Problem: Exact copies of the lines below, from the one with "Staybridge Suites Dubai" up to and including the one with "Oldsmobile 🚀 Silhouette", are what this calls for; leave out pictures.
::: Records to use
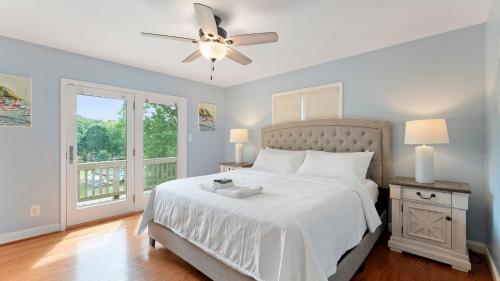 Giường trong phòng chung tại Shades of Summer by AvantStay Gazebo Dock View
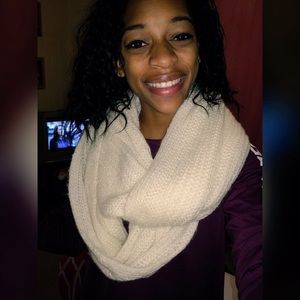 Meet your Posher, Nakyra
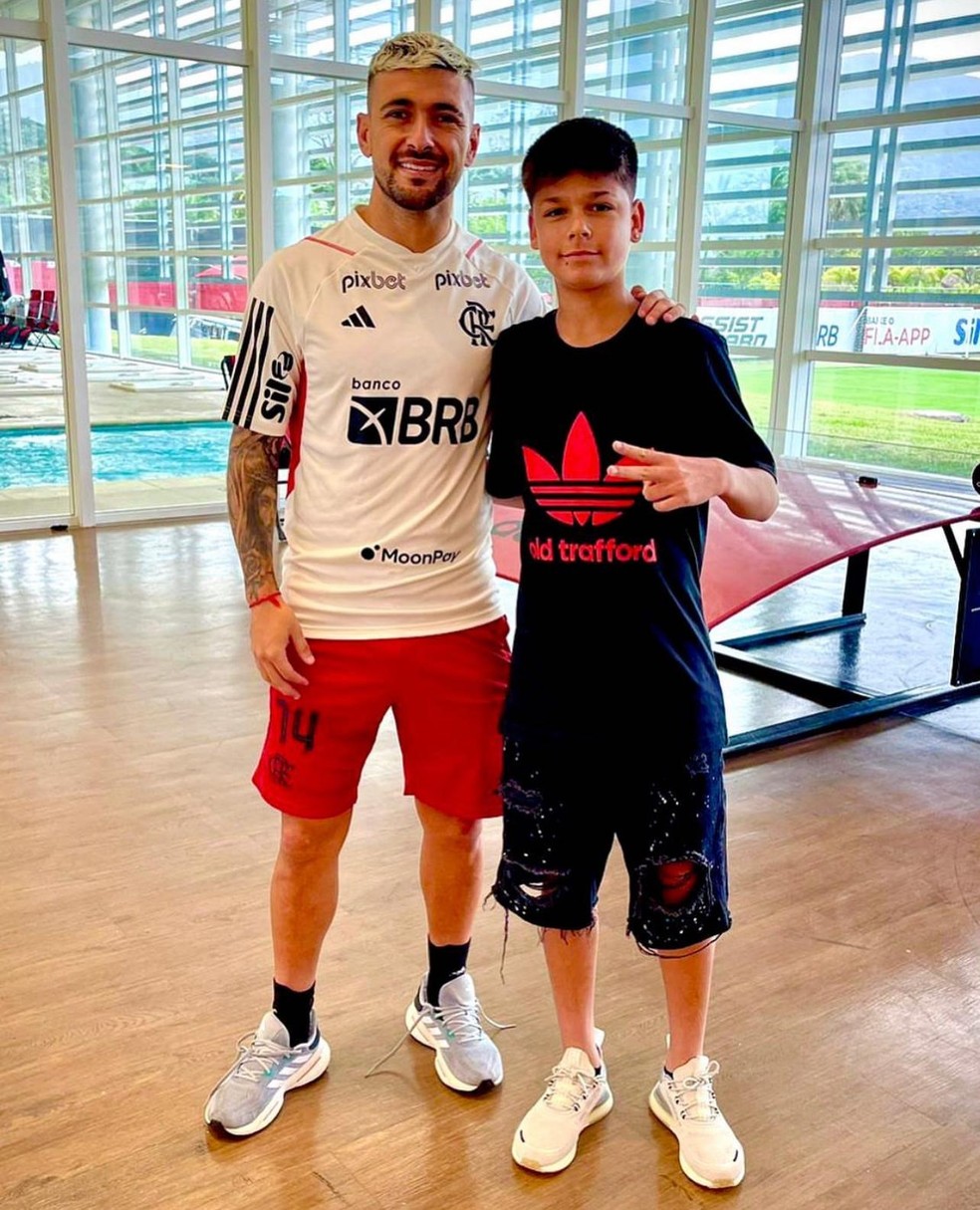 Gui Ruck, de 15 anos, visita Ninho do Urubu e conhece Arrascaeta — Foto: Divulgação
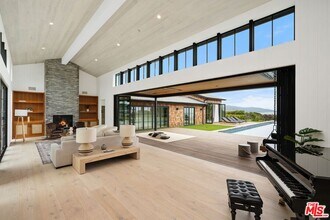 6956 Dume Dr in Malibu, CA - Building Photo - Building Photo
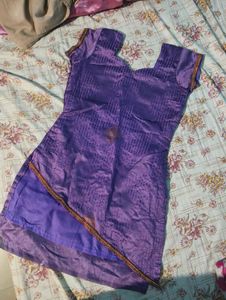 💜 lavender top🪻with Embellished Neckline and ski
::::::
::: Records to use
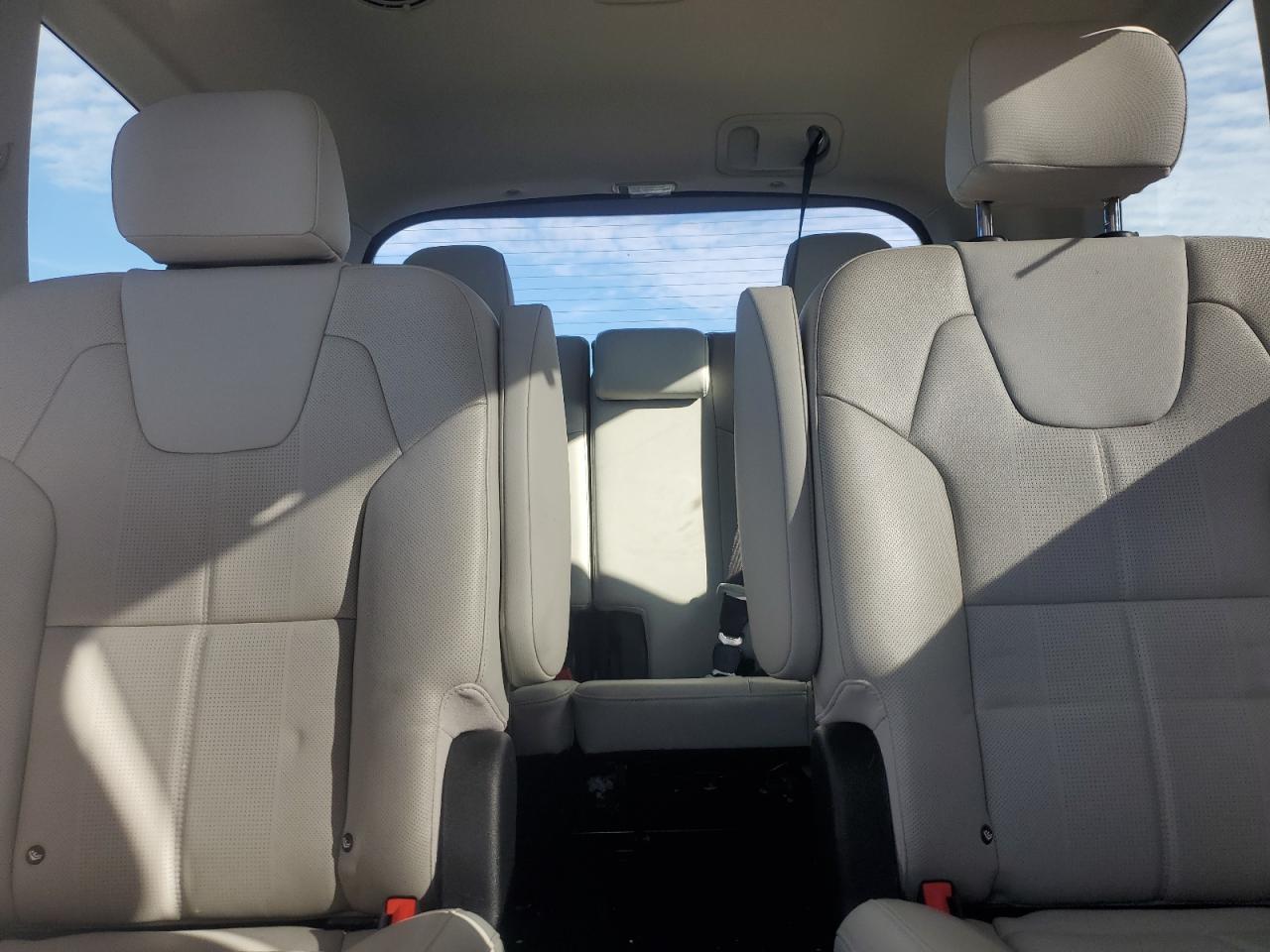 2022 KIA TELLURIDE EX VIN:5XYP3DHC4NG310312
::::::
::: Records to use
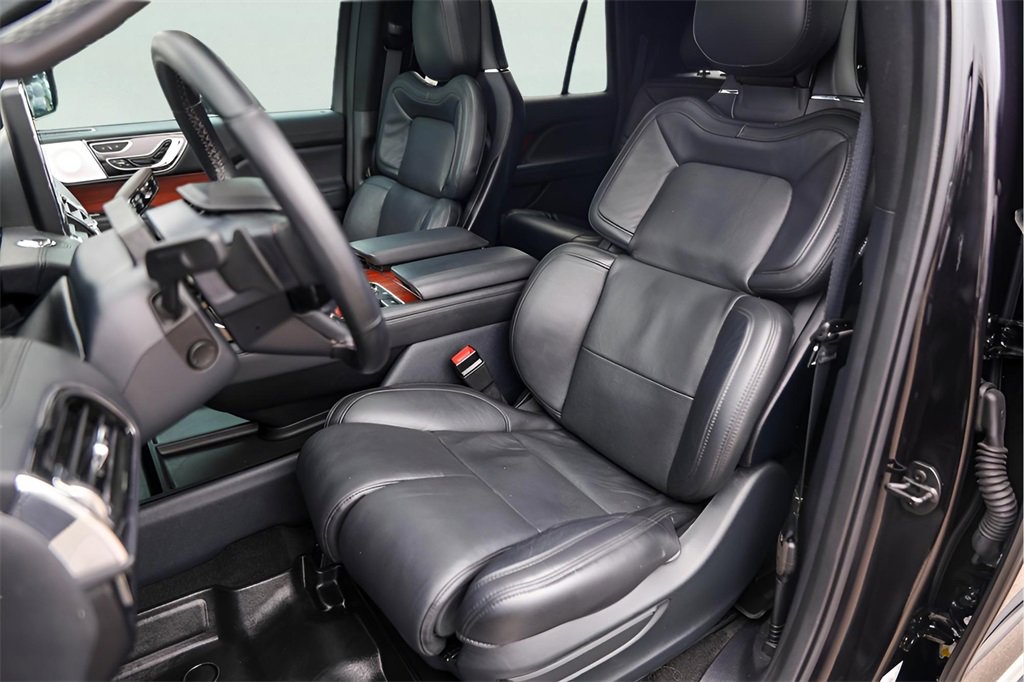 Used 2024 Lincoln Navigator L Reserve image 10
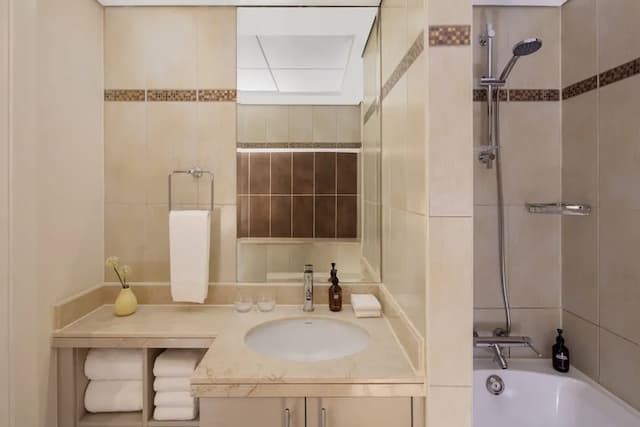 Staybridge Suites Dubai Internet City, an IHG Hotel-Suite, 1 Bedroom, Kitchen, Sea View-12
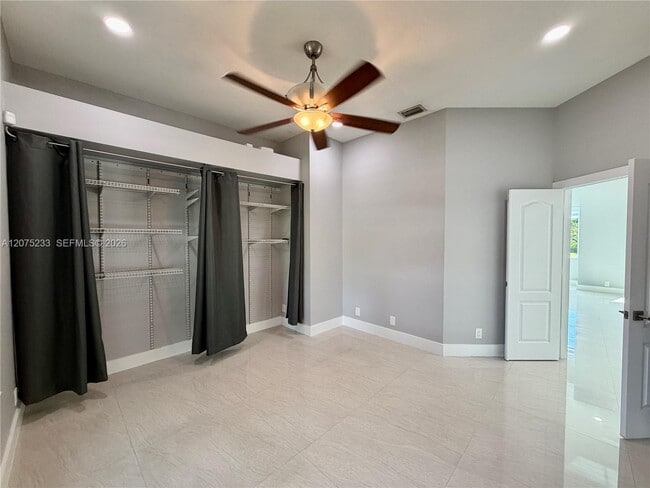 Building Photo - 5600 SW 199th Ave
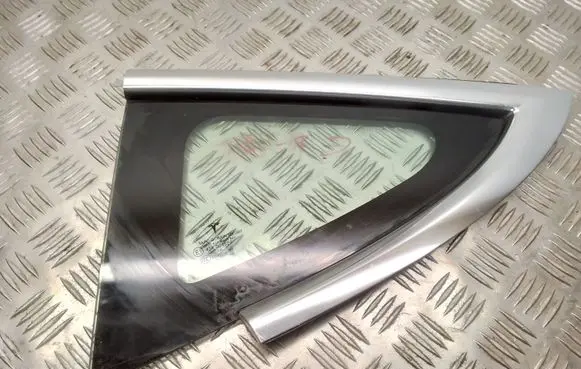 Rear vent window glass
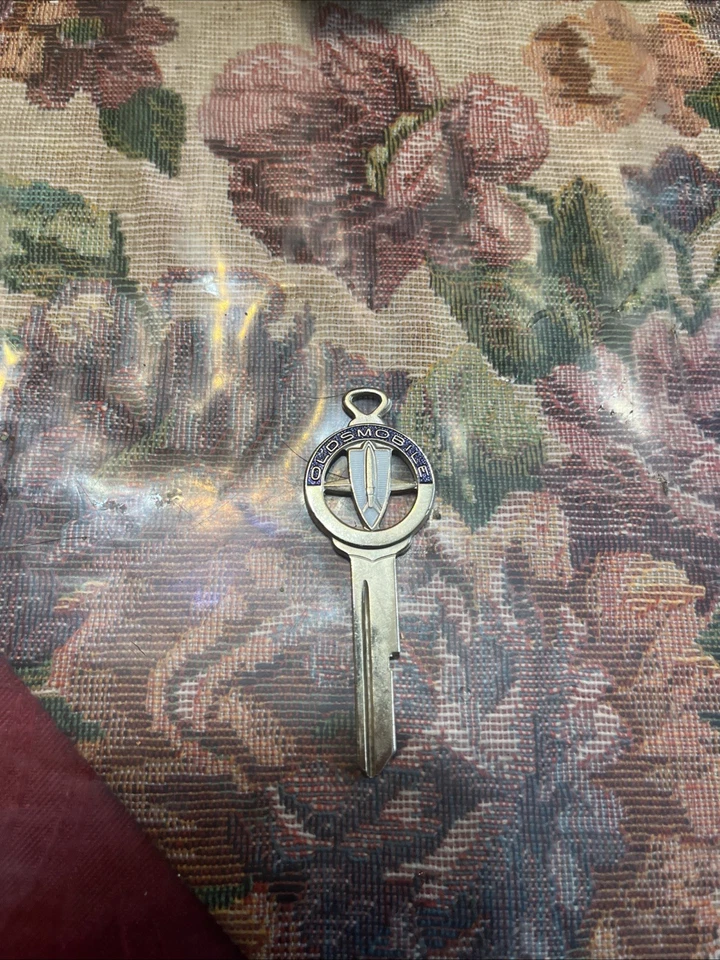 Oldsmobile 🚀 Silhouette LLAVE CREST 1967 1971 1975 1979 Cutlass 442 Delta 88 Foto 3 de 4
::::::
Exercise output:
 Staybridge Suites Dubai Internet City, an IHG Hotel-Suite, 1 Bedroom, Kitchen, Sea View-12
 Building Photo - 5600 SW 199th Ave
 Rear vent window glass
 Oldsmobile 🚀 Silhouette LLAVE CREST 1967 1971 1975 1979 Cutlass 442 Delta 88 Foto 3 de 4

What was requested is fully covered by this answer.